How to Handle Grief and Loss in the Workplace
While most of us share a common desire for happiness, success and peace of mind, there are other aspects of life we’ve rather not experience. Death. Divorce. Illness. Injury. Losing a job. Grief is an intensely personal process; and while it’s tough enough trying to deal with loss in a family unit, it’s even harder at work.
Whether the loss is personal (a loved one’s death, serious injury or illness) or work related (demotion, reassignment, termination), grief is a delicate issue. There are no magical words that can make things right, but you do have some options. Before covering what might help, here are two approaches to avoid:
Ignoring the person’s situation. Some people don’t acknowledge another’s grief because they simply don’t know what to say or do. Grief imposes a social dividing line between the one experiencing loss and those who are not. The aggrieved may feel alone and isolated, even in the presence of others. When the person’s situation is ignored, he or she may feel like a social outcast or think that others don’t care.
A man who worked for a company that reorganized four times in six years felt fortunate to still have a job. But every day he had to walk by a stack of unclaimed boxes left behind by friends who had been fired. When he told his manager how difficult this was, the manager advised, “Just pretend the boxes aren’t there.” How well would this work for you?
Minimizing the loss. While the intent may be to comfort, telling a grieving person he or she will feel better soon doesn’t ease the angst. Suggesting that his or her situation isn’t as awful as it could be, “Hey, it was only a pet ...” feels like an insult. One woman, after the death of her son, was not comforted when told, “Well, at least you have two other children.” And the words, “I know just how you feel,” are best avoided unless you actually do.
One person’s tragedy or loss can have far-reaching effects on a workplace and there’s no crash course on Grief 101 you can sign up for, no crib sheet to memorize. Acknowledging a work colleague’s emotional pain is difficult. Expect to feel awkward or unsure about what to say or do, and remember that a kind gesture on your part will be noted and appreciated. Here are a few things to keep in mind for working through loss:
Human nature being what it is, remember that in the absence of feedback, we each make up our own version of reality. Whether personal loss or company shakeup, you’re better off by keeping things out in the open. Let everyone know you’re willing to listen if they need to talk.
In extreme circumstances (multiple losses, homicide or other horrific circumstance) if you’re a manager or business owner, you need to be proactive. Before the aggrieved employee returns, bring your work team together and address the situation. Let people express their concerns. Answer their questions as thoroughly as you can without violating privacy.
Sometimes it isn’t what you say, it’s that you simply say something. Just the acknowledgment that you recognize what a raw and painful time this is, and that you care, can absolutely be enough. Saying “I’m so sorry,” or “I don’t know what to say,” demonstrates your empathy.
An occasional show of concern can also be a comfort. “Are you OK?” or “If you need to talk, I’m here for you.” Other times you may not need to say anything; just your presence is enough.

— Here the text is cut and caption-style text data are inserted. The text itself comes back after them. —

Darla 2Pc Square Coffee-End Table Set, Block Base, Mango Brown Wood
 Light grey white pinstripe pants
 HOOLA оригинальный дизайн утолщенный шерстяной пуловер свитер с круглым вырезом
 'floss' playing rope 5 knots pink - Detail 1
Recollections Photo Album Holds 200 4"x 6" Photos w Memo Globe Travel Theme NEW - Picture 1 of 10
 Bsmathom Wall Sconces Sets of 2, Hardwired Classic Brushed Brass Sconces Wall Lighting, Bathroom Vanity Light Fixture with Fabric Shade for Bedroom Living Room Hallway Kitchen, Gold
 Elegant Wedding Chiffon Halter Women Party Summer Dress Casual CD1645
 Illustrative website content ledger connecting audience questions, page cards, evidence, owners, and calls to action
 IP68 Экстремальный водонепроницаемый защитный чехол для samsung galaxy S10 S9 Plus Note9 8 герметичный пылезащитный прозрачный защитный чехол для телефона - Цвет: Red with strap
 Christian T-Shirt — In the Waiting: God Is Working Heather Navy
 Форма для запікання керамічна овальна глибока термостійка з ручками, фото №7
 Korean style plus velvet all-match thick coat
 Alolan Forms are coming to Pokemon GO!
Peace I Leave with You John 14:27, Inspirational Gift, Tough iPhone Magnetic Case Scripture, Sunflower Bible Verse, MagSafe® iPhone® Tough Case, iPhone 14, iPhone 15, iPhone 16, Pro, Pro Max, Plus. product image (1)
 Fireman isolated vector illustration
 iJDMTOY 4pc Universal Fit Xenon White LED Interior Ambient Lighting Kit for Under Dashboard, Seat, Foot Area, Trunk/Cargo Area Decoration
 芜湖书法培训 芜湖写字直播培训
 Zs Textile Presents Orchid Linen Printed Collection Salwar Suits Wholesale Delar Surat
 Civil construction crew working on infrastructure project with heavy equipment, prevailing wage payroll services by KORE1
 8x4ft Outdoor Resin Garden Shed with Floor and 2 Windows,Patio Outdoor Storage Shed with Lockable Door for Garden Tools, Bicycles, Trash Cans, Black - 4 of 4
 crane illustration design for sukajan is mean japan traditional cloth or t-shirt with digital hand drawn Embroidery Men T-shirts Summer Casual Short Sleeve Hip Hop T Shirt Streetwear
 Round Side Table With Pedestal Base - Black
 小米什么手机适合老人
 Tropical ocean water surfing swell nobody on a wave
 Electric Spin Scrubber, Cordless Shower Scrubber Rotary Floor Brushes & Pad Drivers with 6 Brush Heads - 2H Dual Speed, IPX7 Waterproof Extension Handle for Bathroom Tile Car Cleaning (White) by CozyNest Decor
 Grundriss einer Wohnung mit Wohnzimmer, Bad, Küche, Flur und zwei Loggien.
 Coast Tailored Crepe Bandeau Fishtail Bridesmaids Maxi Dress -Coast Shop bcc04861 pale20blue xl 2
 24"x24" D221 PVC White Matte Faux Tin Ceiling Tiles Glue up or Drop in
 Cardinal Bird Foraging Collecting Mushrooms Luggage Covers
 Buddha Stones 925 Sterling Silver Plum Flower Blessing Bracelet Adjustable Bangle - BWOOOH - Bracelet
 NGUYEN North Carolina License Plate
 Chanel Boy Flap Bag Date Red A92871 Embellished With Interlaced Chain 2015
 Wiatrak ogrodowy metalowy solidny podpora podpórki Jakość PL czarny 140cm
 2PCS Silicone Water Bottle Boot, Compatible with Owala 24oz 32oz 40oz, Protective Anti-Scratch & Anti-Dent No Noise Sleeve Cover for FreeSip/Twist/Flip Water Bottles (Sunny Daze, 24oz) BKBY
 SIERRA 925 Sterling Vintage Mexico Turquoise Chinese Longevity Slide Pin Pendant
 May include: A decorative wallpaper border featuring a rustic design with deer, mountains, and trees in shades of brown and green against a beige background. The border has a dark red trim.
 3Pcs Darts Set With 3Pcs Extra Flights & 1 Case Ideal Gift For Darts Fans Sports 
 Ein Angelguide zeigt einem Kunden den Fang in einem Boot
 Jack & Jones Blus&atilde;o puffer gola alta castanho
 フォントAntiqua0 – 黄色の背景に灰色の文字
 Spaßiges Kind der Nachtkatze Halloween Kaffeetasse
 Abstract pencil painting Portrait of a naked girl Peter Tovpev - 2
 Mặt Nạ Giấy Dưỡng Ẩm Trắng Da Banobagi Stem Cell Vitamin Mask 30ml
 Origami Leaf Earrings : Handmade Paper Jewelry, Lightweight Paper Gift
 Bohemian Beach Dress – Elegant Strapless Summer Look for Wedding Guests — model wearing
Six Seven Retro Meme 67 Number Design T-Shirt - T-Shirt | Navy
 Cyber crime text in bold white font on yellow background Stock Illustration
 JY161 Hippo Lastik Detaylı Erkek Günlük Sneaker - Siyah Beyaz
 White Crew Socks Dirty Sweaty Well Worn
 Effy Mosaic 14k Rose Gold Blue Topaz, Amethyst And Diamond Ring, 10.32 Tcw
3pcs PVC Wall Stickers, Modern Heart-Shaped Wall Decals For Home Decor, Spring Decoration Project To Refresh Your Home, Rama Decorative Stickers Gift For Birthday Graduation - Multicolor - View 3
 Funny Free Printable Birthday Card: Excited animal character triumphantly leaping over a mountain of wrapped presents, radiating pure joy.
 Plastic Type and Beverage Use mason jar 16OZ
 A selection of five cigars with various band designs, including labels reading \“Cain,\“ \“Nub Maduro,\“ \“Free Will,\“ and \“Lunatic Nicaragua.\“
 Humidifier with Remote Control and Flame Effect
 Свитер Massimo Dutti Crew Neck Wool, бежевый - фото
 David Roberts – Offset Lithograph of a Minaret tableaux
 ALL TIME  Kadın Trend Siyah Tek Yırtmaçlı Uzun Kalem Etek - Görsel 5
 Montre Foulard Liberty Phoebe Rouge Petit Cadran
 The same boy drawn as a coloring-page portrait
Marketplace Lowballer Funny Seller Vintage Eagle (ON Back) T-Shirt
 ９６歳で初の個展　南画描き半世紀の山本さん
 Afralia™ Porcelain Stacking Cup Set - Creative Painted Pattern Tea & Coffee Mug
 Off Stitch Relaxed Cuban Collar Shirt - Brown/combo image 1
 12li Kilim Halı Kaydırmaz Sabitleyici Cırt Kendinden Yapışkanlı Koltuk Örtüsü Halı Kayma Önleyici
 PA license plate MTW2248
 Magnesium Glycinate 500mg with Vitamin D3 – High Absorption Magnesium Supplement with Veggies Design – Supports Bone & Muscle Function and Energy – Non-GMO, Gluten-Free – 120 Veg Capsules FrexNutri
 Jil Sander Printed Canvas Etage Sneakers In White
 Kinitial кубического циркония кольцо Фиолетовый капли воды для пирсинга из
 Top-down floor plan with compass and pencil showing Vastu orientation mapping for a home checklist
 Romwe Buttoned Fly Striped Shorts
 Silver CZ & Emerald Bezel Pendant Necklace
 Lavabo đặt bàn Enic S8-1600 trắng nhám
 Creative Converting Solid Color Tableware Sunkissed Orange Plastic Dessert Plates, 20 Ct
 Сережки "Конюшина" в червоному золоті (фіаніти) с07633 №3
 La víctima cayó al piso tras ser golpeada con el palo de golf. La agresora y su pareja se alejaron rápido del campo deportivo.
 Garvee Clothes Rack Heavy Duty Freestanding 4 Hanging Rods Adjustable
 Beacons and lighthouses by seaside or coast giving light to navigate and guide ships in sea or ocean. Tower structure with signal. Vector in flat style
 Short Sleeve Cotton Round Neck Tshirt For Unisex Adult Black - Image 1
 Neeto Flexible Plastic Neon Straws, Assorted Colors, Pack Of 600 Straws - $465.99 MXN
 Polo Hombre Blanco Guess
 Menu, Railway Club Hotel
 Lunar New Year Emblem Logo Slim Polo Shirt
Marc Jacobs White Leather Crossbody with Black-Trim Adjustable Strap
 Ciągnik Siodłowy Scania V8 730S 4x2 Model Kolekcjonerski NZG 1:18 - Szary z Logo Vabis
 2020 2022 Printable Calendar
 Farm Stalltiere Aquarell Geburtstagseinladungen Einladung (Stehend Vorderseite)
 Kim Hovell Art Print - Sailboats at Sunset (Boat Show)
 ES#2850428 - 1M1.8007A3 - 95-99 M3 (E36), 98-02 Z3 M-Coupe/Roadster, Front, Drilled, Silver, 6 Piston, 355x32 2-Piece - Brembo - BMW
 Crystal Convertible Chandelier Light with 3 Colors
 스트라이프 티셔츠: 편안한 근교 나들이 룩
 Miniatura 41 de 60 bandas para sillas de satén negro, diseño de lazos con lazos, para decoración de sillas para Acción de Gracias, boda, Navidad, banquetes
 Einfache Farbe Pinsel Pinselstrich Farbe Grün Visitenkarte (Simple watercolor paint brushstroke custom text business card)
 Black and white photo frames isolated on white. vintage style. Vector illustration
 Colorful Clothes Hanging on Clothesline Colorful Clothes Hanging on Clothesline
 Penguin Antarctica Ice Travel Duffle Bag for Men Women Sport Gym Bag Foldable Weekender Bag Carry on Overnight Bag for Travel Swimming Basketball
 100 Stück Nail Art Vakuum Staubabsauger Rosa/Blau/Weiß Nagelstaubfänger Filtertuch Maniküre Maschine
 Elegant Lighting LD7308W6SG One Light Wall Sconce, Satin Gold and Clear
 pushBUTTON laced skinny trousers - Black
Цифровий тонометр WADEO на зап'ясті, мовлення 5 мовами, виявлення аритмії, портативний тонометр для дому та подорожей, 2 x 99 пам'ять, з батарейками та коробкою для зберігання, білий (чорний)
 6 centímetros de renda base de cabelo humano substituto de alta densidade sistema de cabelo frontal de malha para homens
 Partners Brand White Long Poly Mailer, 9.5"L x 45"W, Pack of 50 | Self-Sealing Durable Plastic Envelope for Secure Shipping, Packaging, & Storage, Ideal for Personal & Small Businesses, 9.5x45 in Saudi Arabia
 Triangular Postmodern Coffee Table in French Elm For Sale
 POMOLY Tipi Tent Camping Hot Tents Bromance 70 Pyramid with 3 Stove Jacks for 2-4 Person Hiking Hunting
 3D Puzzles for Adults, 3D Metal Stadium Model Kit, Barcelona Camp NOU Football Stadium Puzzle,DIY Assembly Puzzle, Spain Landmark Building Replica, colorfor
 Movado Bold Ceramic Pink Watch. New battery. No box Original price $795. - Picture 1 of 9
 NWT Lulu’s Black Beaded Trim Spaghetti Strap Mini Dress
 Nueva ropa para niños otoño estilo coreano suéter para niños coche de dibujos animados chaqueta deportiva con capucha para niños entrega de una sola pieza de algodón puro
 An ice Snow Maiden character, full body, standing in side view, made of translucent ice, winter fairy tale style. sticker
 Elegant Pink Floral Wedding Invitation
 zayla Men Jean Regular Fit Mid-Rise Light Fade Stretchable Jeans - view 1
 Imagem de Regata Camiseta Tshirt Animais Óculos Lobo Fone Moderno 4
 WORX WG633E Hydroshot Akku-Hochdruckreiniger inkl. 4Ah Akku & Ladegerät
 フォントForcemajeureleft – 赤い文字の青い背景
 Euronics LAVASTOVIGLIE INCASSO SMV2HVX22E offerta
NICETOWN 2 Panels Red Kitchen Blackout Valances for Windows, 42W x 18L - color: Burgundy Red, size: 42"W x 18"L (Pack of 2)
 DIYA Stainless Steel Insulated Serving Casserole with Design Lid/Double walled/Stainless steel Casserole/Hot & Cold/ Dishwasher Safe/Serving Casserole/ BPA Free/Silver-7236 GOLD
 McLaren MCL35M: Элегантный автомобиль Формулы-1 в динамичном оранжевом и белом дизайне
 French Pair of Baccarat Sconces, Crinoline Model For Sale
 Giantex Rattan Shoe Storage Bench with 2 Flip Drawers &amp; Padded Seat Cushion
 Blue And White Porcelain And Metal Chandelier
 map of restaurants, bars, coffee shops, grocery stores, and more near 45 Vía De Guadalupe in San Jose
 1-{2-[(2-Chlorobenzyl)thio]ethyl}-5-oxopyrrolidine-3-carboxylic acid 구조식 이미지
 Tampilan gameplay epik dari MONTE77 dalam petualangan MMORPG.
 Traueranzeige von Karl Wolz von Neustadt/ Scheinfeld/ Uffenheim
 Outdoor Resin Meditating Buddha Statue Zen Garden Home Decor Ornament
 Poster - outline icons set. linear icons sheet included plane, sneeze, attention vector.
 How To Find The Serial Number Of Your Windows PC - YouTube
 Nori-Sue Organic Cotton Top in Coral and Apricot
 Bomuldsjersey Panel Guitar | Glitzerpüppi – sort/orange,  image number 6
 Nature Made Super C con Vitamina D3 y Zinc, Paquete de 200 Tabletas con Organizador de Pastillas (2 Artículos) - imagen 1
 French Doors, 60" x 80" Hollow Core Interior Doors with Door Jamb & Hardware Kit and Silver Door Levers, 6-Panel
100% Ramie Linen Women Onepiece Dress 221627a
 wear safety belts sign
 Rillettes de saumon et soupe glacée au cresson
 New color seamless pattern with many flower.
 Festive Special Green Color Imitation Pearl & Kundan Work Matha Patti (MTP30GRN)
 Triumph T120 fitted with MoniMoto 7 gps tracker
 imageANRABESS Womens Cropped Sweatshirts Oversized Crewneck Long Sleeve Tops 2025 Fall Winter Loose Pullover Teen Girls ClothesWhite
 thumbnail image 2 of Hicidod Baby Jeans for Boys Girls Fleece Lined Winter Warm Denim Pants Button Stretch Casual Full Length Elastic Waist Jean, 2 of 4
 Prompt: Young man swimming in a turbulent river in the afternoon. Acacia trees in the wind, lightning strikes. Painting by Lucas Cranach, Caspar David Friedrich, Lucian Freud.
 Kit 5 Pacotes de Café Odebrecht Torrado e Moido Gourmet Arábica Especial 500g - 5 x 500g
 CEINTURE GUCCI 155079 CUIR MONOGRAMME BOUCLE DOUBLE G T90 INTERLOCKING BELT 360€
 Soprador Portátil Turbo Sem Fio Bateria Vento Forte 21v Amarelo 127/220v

Whether you’re the one grieving or it’s someone else, be patient. While the passing of time is a merciful balm for the heart, healing takes longer than we want or expect, and everyone’s journey is different. Take a day at a time, try to focus on the progress that’s been made, and expect temporary setbacks. At some point, that dividing line begins to fade: the chasm of pain isn’t so deep, nor the sides as steep. Life truly is for the living. And while things may never be exactly the same, there’s finally a day you find yourself standing on the other side of grief.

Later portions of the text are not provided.